## WHAT IS EXPECTED
The answer must consist only of the lines in the records below from the line with "Karoline är 168" to the line with "son anketi paylaştı", both included, copied word for word with every picture left out.

[Image-caption web data]
# # # # # # #

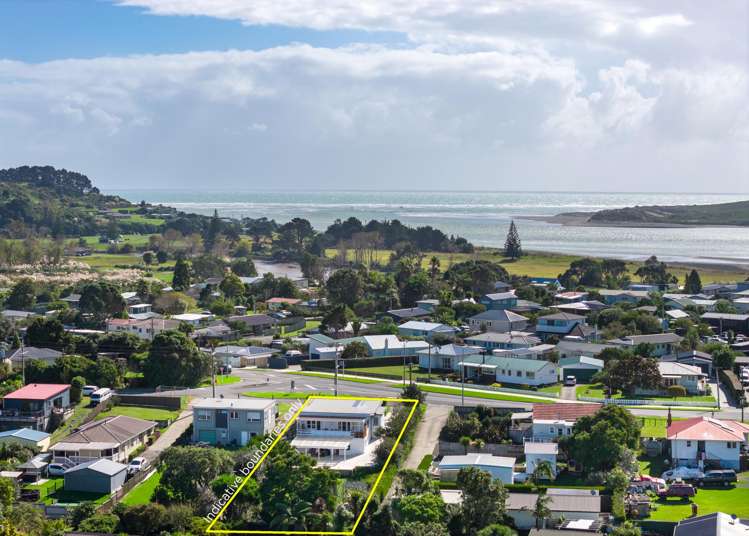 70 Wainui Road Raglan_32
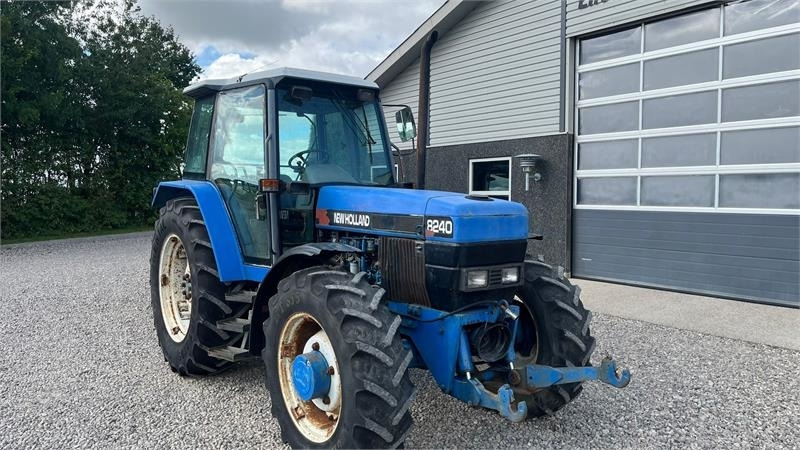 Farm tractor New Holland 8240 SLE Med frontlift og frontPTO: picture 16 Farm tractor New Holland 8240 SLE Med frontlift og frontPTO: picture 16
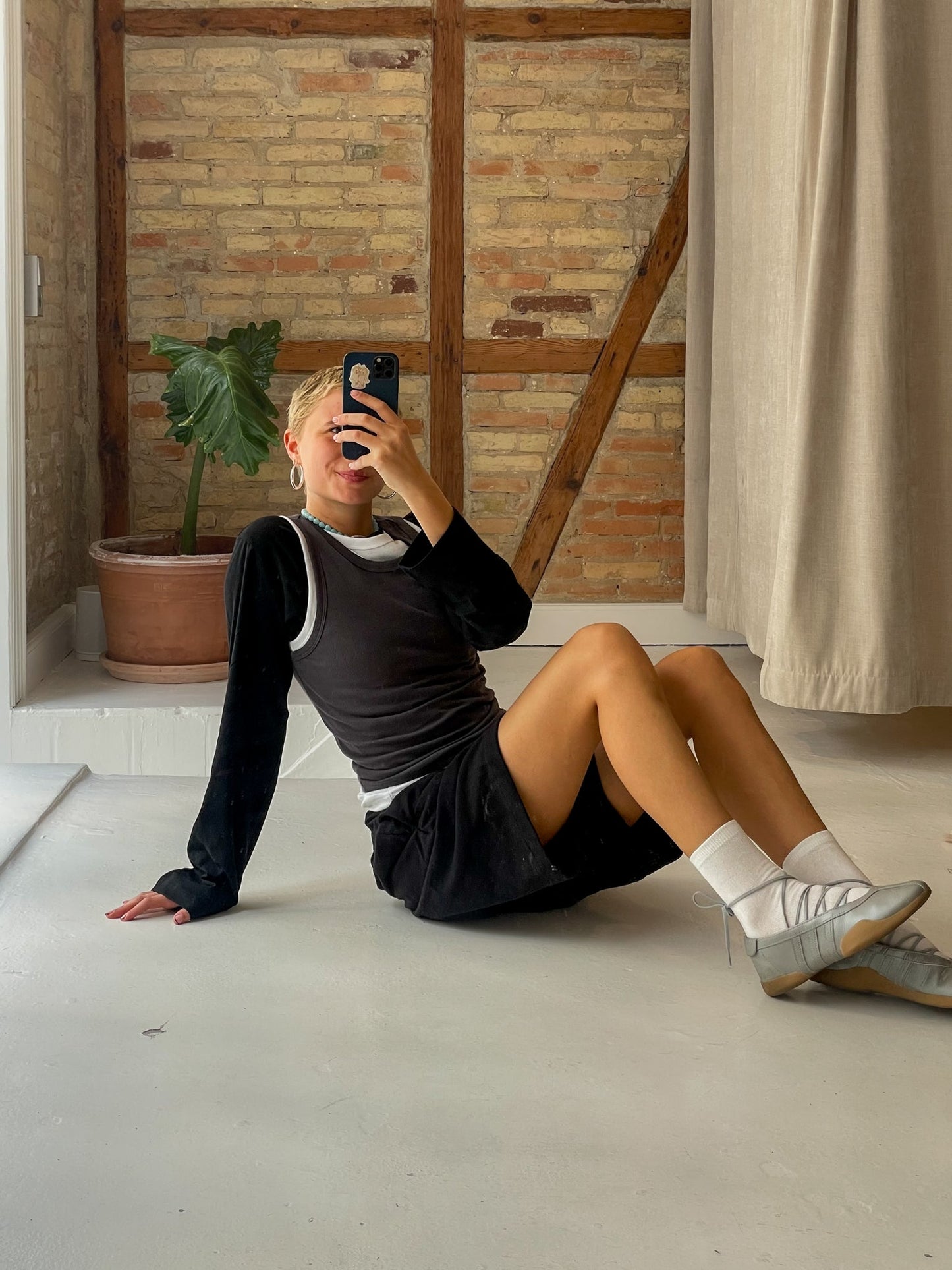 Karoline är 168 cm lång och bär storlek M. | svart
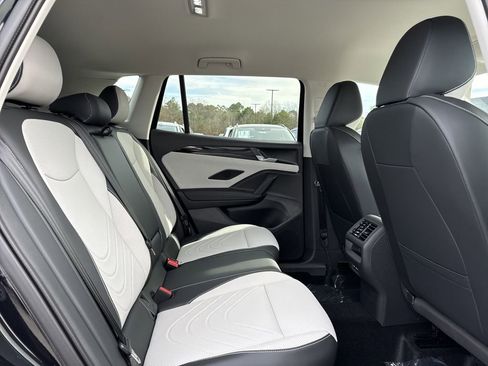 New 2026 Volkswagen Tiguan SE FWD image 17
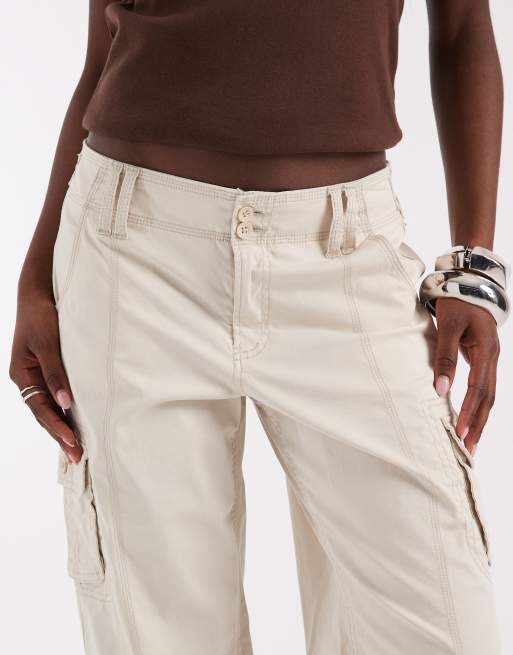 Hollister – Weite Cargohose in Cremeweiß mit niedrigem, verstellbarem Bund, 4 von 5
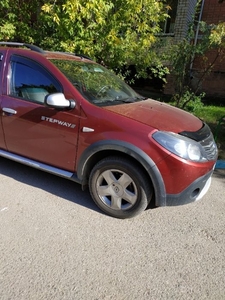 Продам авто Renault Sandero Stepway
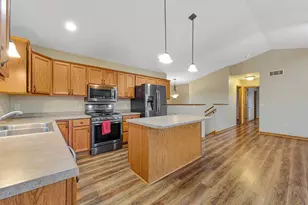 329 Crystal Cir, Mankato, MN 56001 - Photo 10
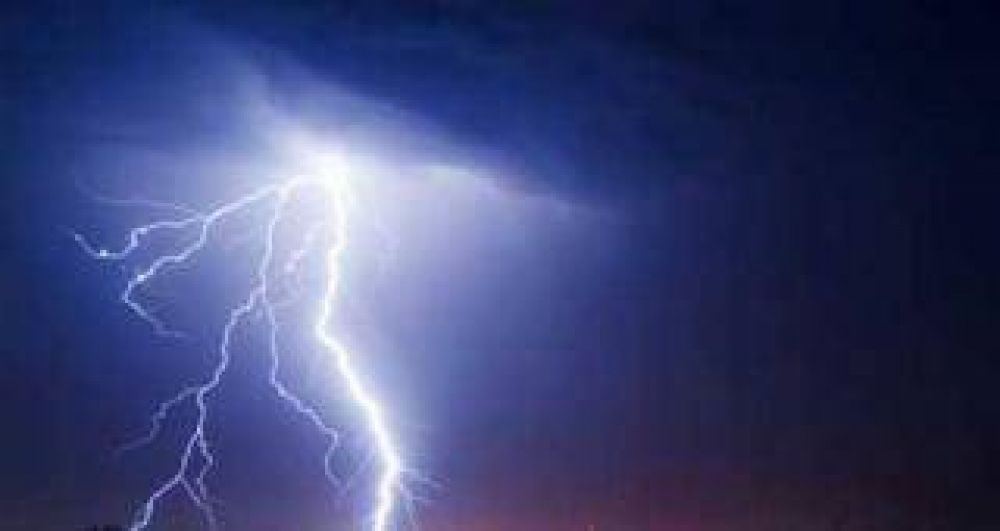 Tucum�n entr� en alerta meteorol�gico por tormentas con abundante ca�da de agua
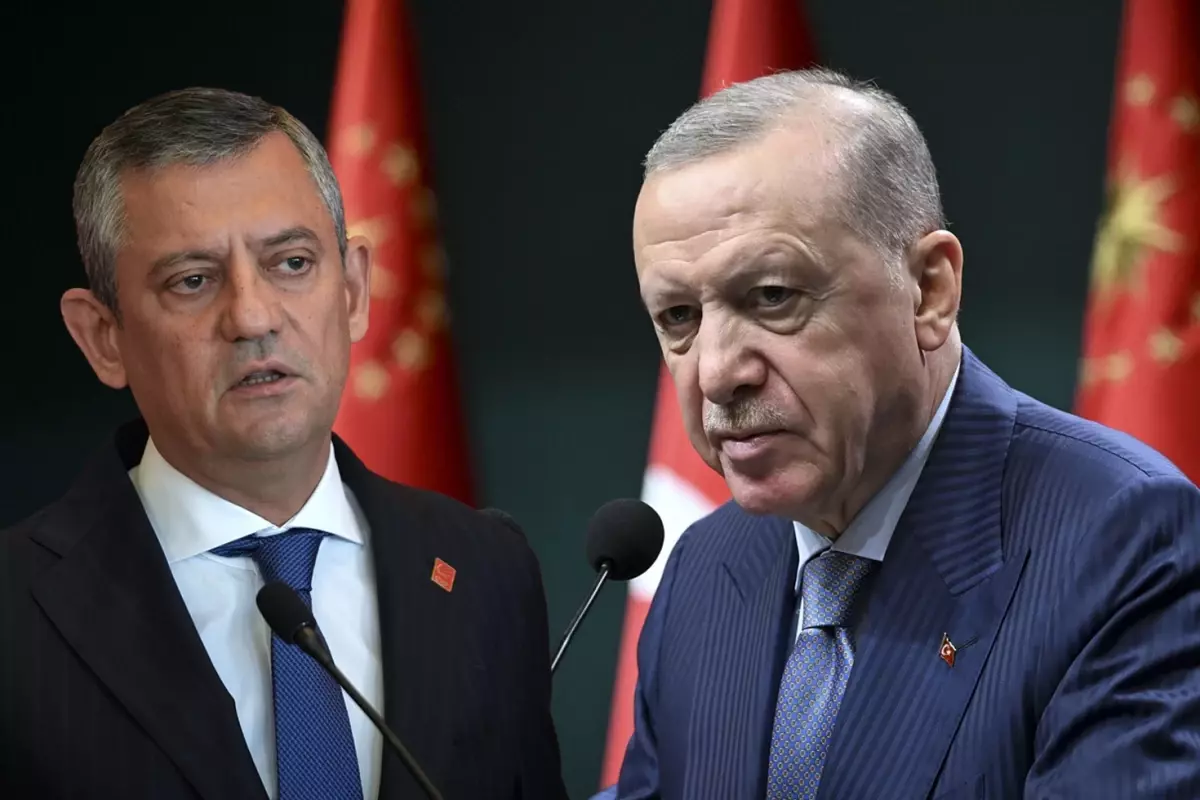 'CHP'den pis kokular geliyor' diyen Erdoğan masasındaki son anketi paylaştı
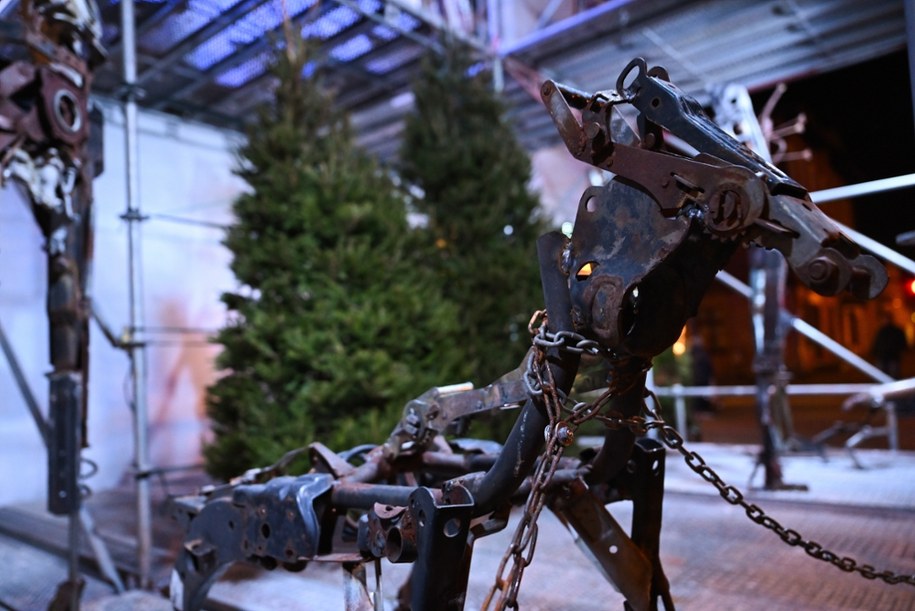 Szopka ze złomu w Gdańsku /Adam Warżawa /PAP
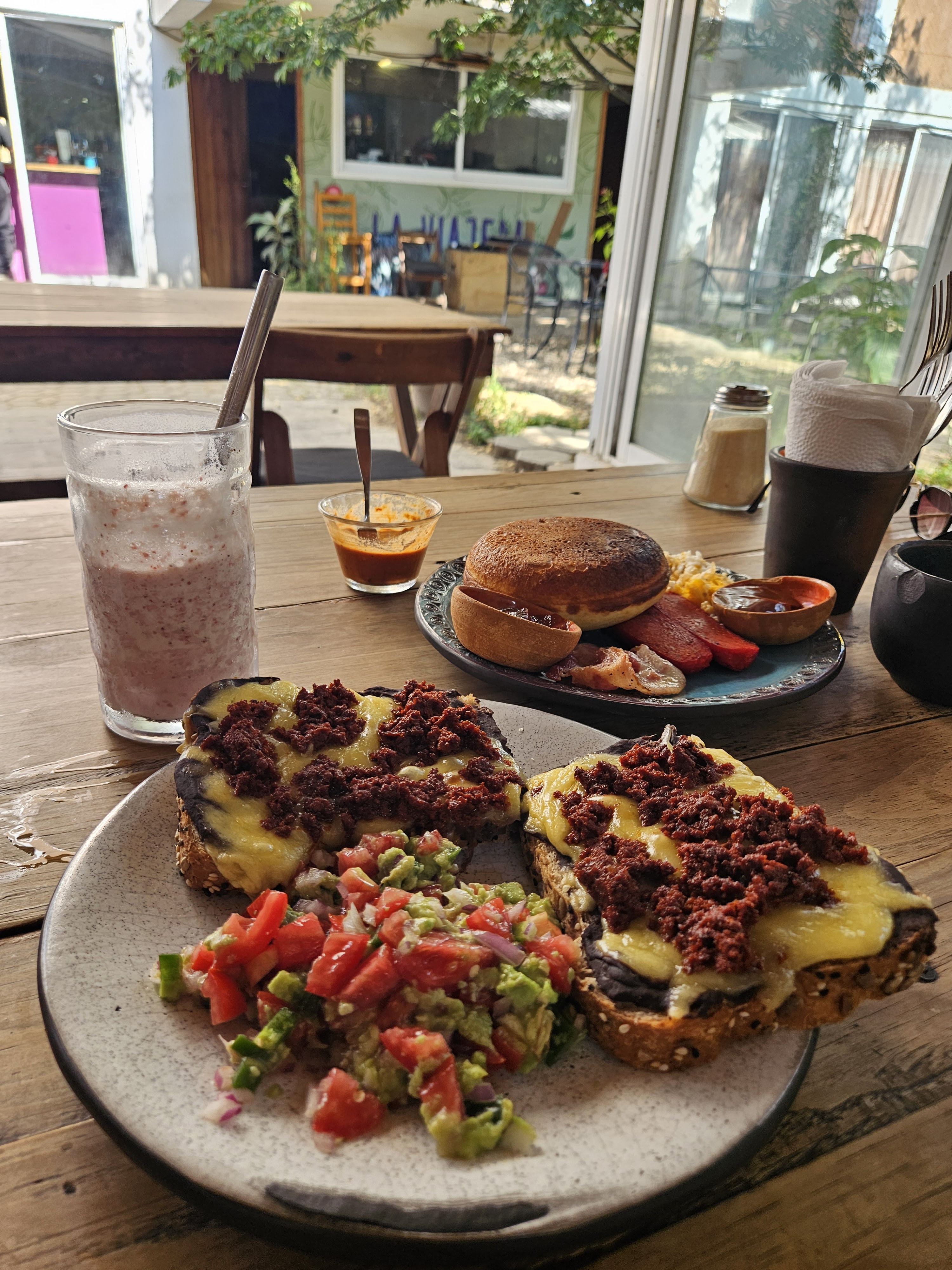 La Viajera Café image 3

# # # # # # #

## EXERCISE SOLUTION
 Karoline är 168 cm lång och bär storlek M. | svart
 New 2026 Volkswagen Tiguan SE FWD image 17
 Hollister – Weite Cargohose in Cremeweiß mit niedrigem, verstellbarem Bund, 4 von 5
 Продам авто Renault Sandero Stepway
 329 Crystal Cir, Mankato, MN 56001 - Photo 10
 Tucum�n entr� en alerta meteorol�gico por tormentas con abundante ca�da de agua
 'CHP'den pis kokular geliyor' diyen Erdoğan masasındaki son anketi paylaştı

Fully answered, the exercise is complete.